Incorrect, it was the Pack:


> 38) 4-B.Favre pass short middle intended for 18-S.Rice INTERCEPTED by 21-C.Woodson at GB -8. Touchback. PENALTY on GB-21-C.Woodson, Defensive Pass Interference, 2 yards, enforced at GB 3 - No Play. Penalty on GB-55-D.Bishop, Defensive Offside, declined.


----------



## vurbano

sigma1914 said:


> Incorrect, it was the Pack:


yup offsides like I said on #55. Face it HDTV it making stuff up


----------



## sigma1914

Here's the source GB committed both penalties: http://www.nfl.com/gamecenter/2009100500/2009/REG4/[email protected]#tab:analyze


----------



## vurbano

heck I got it right here on my tivo


----------



## hdtvfan0001

sigma1914 said:


> Here's the source GB committed both penalties: http://www.nfl.com/gamecenter/2009100500/2009/REG4/[email protected]#tab:analyze


That's now what is on they announced in the booth on THAT play.

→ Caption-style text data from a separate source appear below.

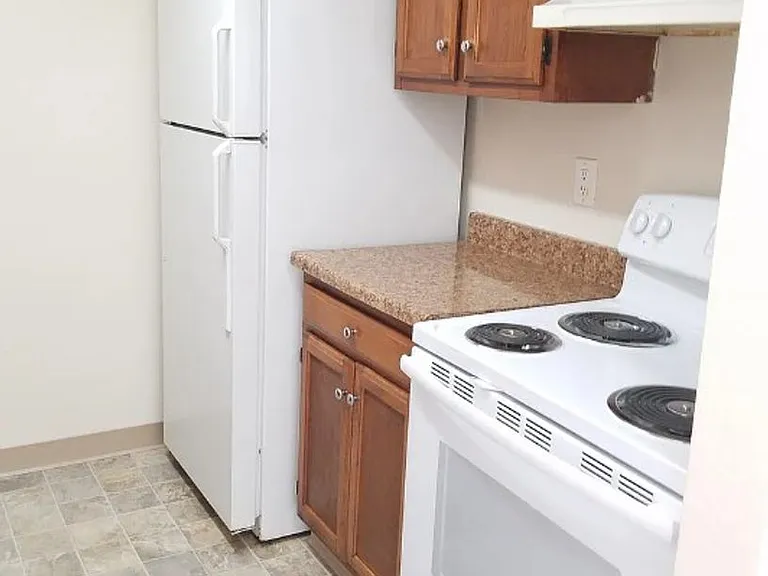 10725 Myers Way S — Photo 4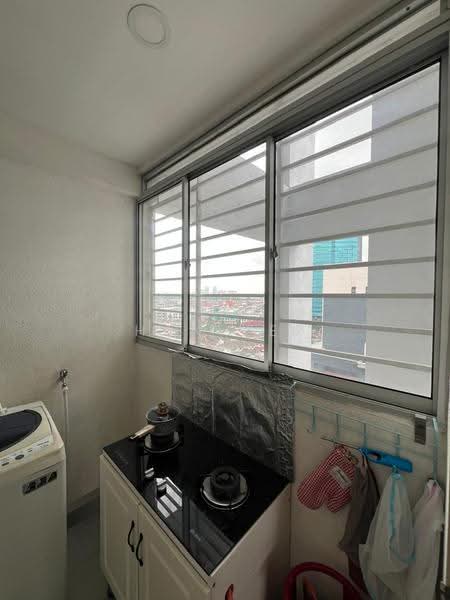 Kediaman Servis untuk Dijual di SetiaWalk - Han Ker - Kitchen - PropertyGuru.com.my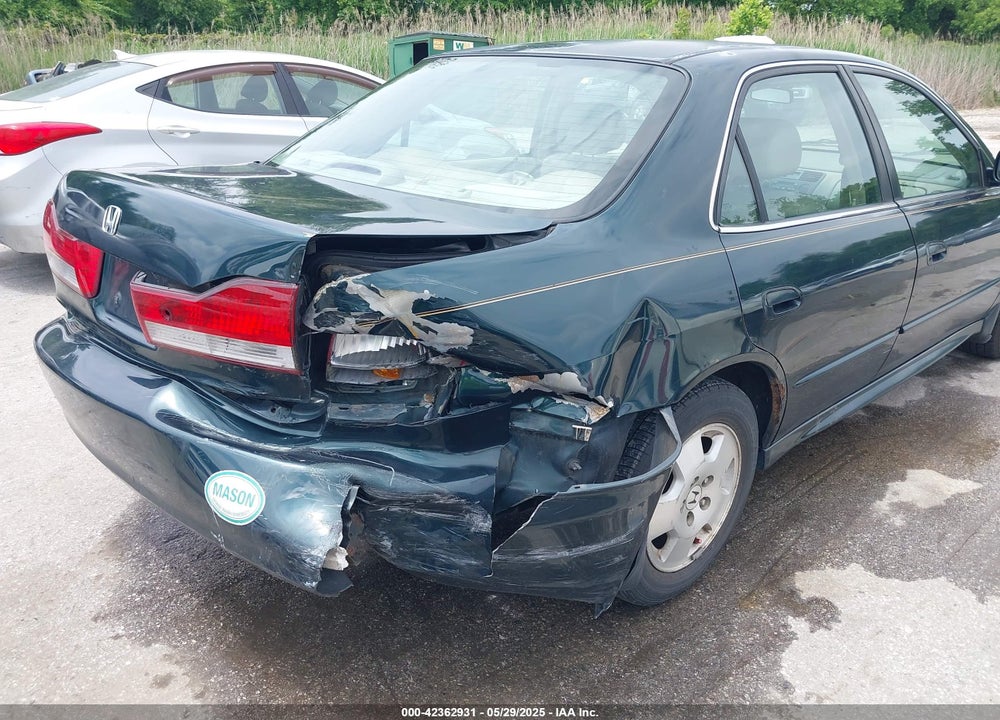 2001 HONDA ACCORD 3.0 EX VIN: 1HGCG16531A015929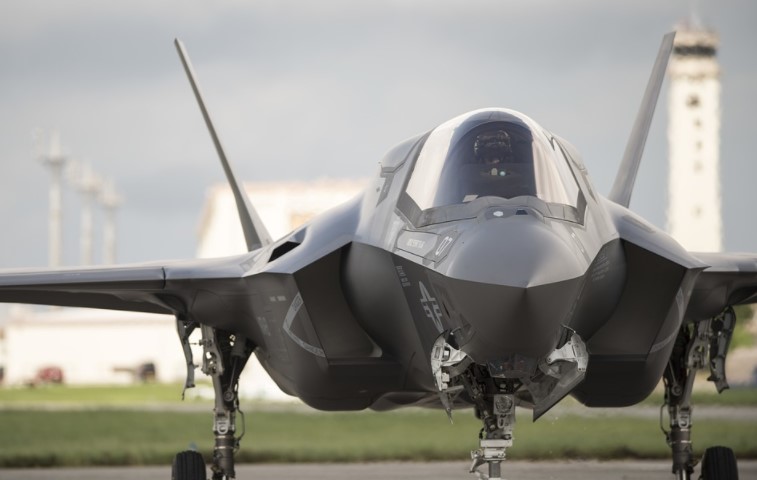 F-35, l’avion à 1 700 milliards de dollars !!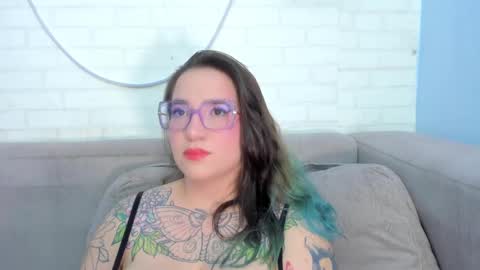 Snapshot of deva_blue chatting on February 26, 2025, 5:31 am Deva Blue online show from February 26, 2025, 5:31 am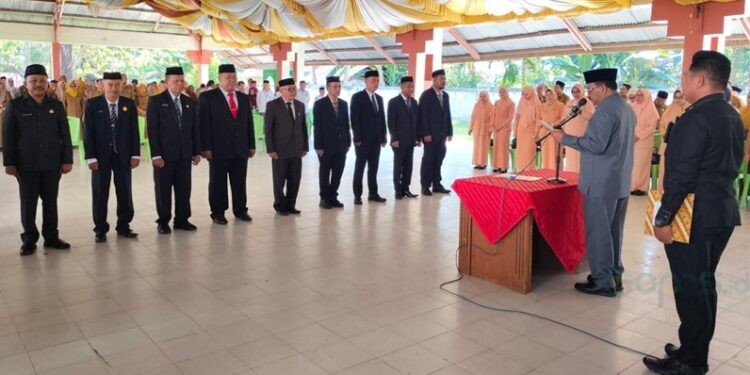 Bupati Boalemo, Rum Pagau, lantik 9 pejabat pratama, berlangsung di Pondok Kantor Bupati Boalemo, Senin (26/01/2026) (Prokopim Boalemo)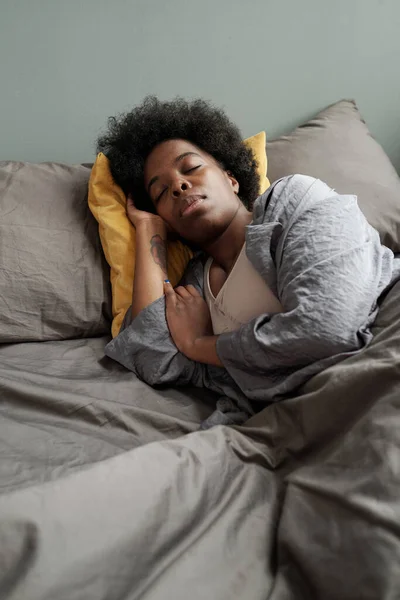 Moe Afrikaanse vrouw liggend onder deken in bed — Stockfoto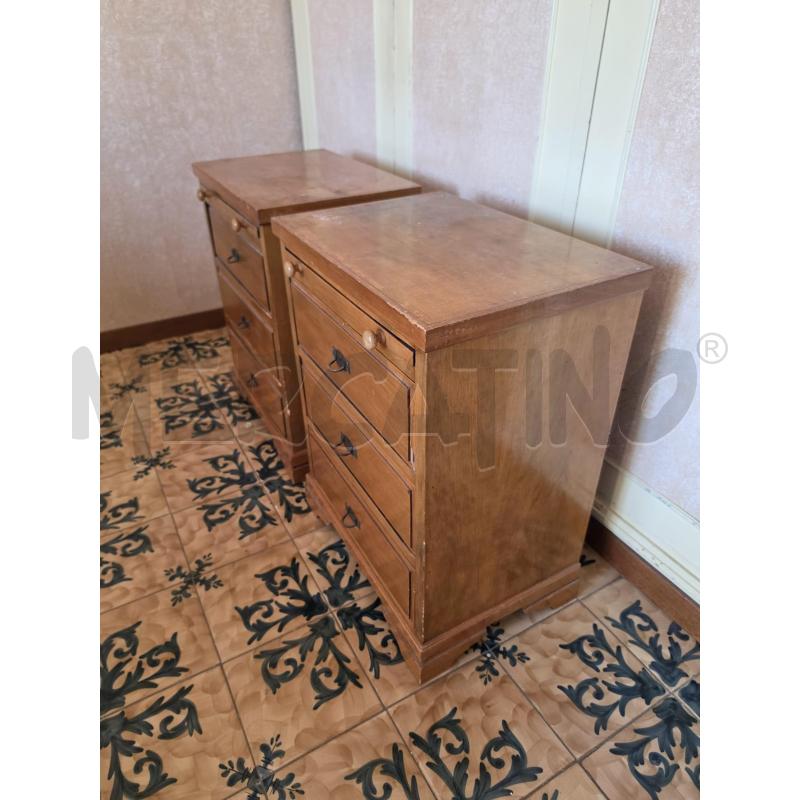 COMODINI COPPIA LEGNO 3C | Mercatino dell'Usato Roma talenti 2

There was an offsides called on Green Bay on the *next* play.

In any case....now that we've had some fun on the Tuesdya Morning Quarterbacking...

Bottom line - Brett won.

Doesn't make him the better QB last night, but indeed he won.


----------



## vurbano

This is the man that asked ME if I watched the game?


----------



## vurbano

hdtvfan0001 said:


> That's now what is on the recording announced in the booth on THAT play.
> 
> There was an offsides called on Green Bay on the *next* play.


Nope #51 on the next play, #55 on the interception play. sorry charlie. Listen to the officials they are very loud and clear, not the announcers.


----------



## RACJ2

hdtvfan0001 said:


> That's now what is on the recording announced in the booth on THAT play.
> 
> There was an offsides called on Green Bay on the *next* play.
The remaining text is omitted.